Wednesday, February 4, 2015

January Moments



Snow Day: Still life with outerware.

Let's face it. There's not much that's nice about January.

I forget how much I do not enjoy this time of year. The cold, the unpredictability of snow storms and potential snow days (which I have to admit, I don't dread as much as a I used to, both because I don't have to stress about attempting a commute into the city, coupled with the fact that the children are much better about amusing themselves on a day stuck at home). At least that's nice (trying to find a positive spin, can you tell?).


Snow days: Not what they used to be! (That's a snowman with his scooter and basketball, by the way--because, of course).

Nope, this is definitely not the easiest time of the year.  The holidays are over. Spring is a looooong ways away. It's cold. Did I mention it's cold?


This picture was taken back when we could see our driveway. Now? Not so much. Snow, snow and more snow.


We are doing our best to make lemonade out of the snow. Or, in my case, virgin bloody marys (see my glass, above). It was early Sunday morning and I was dreaming about a kid-free, bloody-mary-and-The-New-York-Times-Long-Brunch. Instead, we did a Valentine craft.


I'm going to the library as often as possible. The twins love when I bring home grocery bags of books, devouring them immediately. I usually just take Leo and Ellie with me to the actual library--when I pulled into the parking lot last time they both cheered, so I guess I must be doing something right.

Before the snow and deep freeze pummeled us, the Oregon Grandparents were here for their semiannual winter visit.

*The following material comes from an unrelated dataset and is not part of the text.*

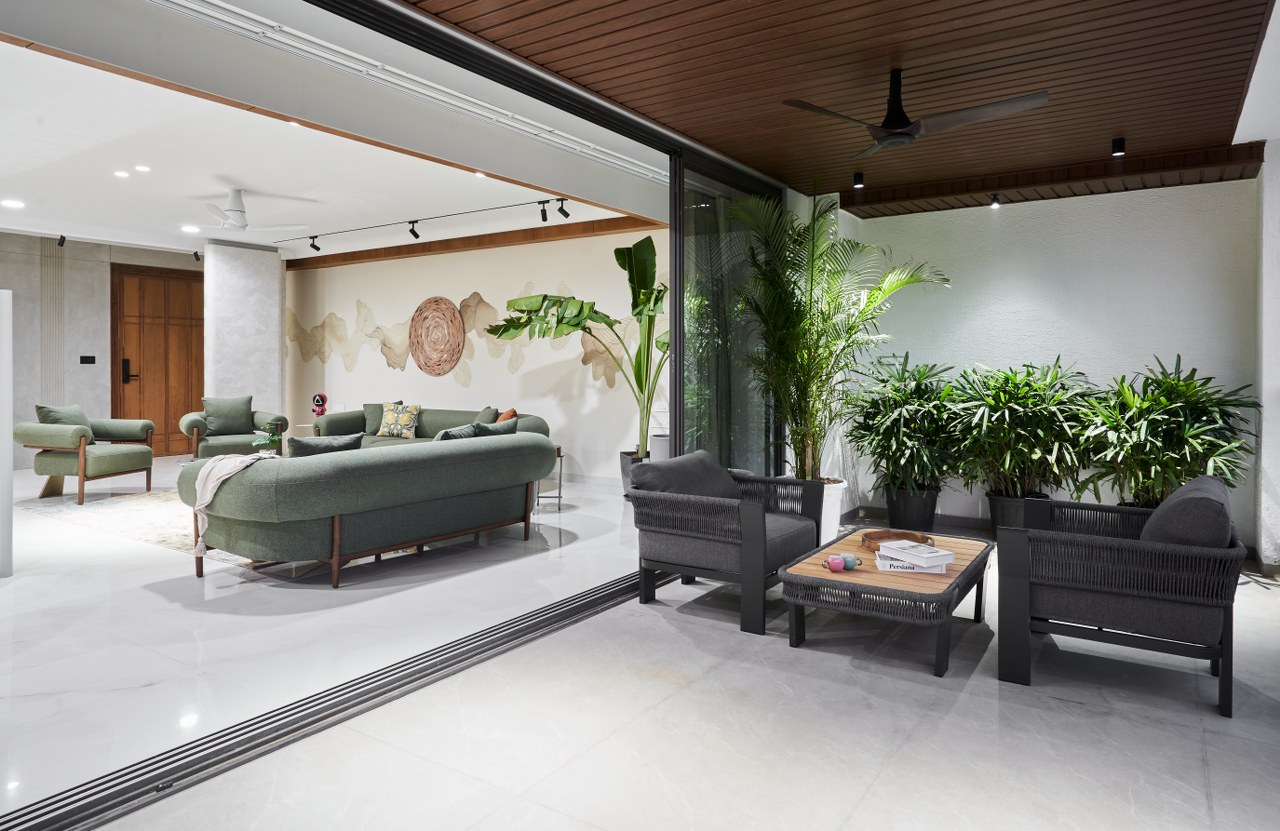 This Apartment Modern Design Embraces Natural Light and Spaciousness ...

We took our traditional trip to our local zoo on New Year's Eve day and it was as magical as ever. For some reason--maybe it's that it's never above 25 degrees when we go, or because everyone has overdosed on the zoo (its "holiday zoo lights" display brings people from far and wide), but there is never anyone else there on New Year's Eve day. Seriously it's like having a private zoo, all to ourselves.



It was just the wolves and us. And yes, they were pretty much licking their chops at these scrumptious children.






One of the best parts about a frigid visit to the zoo is the hot chocolate/donut warm-up that follows.


The next day we feasted on Jewish deli food and watched the big Oregon game. It was fun to have family around to cheer on our "home" team. Most importantly, Ellie and Leo learned the art of chest bumping. (Thanks, Grandpa).


We bid the grandparents a sad goodbye, went back to school and Lucy managed to fall flat on her face and get her first black eye, earning her a new nickname, "Rocky." (I didn't know you could get a black eye wiping out the way Lucy did, but apparently you can).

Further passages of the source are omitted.